Peter FitzSimons bombarded Jacinta Nampijinpa Price with a series of late-night text messages making legal threats against the Indigenous senator.

Jacinta Nampijinpa Price in Sydney on Monday: ‘I have lived my life being bullied by men who wish to silence me’. Picture: Chris Pavlich
Jacinta Nampijinpa Price in Sydney on Monday: ‘I have lived my life being bullied by men who wish to silence me’. Picture: Chris Pavlich

Woke columnist Peter FitzSimons bombarded Jacinta Nampijinpa Price with a series of late-night text messages making legal threats against the Indigenous senator, ­insisting her account of an interview, in which she felt bullied and berated by him, was “nonsense” and should be retracted.

Senator Price says FitzSimons, a republican and author of popular history, “bullied” her via text after she accused him on Facebook of being aggressive during a phone interview for his Nine Entertainment newspaper column. She later pleaded with him to leave her alone after he bombarded her with texts demanding she change her tune.

In the published interview, FitzSimons, a former rugby player from Sydney’s wealthy north shore, seems perplexed by Senator Price, a Warlpiri woman, over her reasoning and opposition to the Indigenous voice.

The NT senator said that during their phone interview last Thursday, FitzSimons accused her of “giving racists a voice” because of her position on the voice to parliament and support for Australia Day being marked on January 26.

In text messages to The Australian, an agitated FitzSimons ­declared her account of the conversation “was not a matter of interpretation”. “Complete and utter DEFAMATORY nonsense, as I told her ... will hand recording to (Sydney Morning Herald) lawyers and pursue.
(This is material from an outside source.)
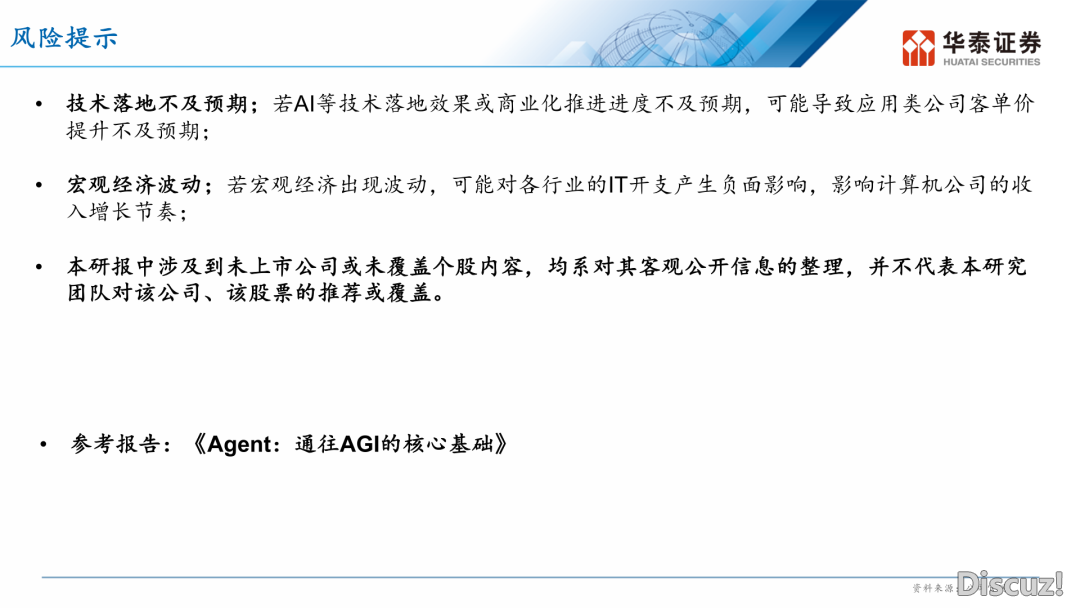 Manus AI:Agent元年启开(附下载)w3.jpg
You have been so advised,” he said. He said it was a “friendly interview” and that he did not raise his voice at all.

Senator Jacinta Price. Picture: NCA NewsWire / Gary Ramage
Senator Jacinta Price. Picture: NCA NewsWire / Gary Ramage
Peter Fitzsimons. Picture: Peter Ristevski
Peter Fitzsimons. Picture: Peter Ristevski

The outburst came after The Australian put questions on Sunday night to FitzSimons about Senator Price’s account of how she felt following the interview. He subsequently sent the senator texts demanding a retraction and accusing her of misrepresenting the interview. “You have told The Australian we shouted at each other? Every word recorded, as I advised you,” FitzSimons messaged to Senator Price.
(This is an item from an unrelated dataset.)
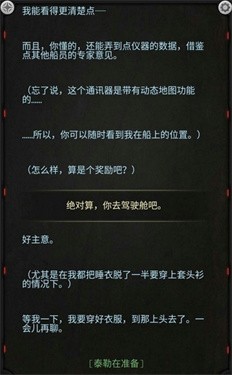 生命线:静夜游戏截图-3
“I urge you to withdraw these defamatory accusations, as you know it is nonsense.”

When Senator Price told FitzSimons that they did yell at each other and that she wanted a copy of his interview recording, the columnist continued to deny he raised his voice.

“Not a single raised voice on ­either side, let alone shouting. This is a serious matter and you have defamed me,” he replied.

When Senator Price said she did not call the earlier exchange “shouting” and that her chief of staff heard the call and remembered “yelling”, FitzSimons told her to “retract every word”.

“The Australian was saying I “yelled” at you (and) was “aggressive and rude”. You know that is simply not true, and I invite you to withdraw quickly. I repeat, every word recorded!”

After the constant stream of texts, Senator Price told The Australian on Monday said she felt “intimidated” by FitzSimons.

“Please stop bullying me. I don’t ever want to communicate with you again,” she wrote to FitzSimons in her final message.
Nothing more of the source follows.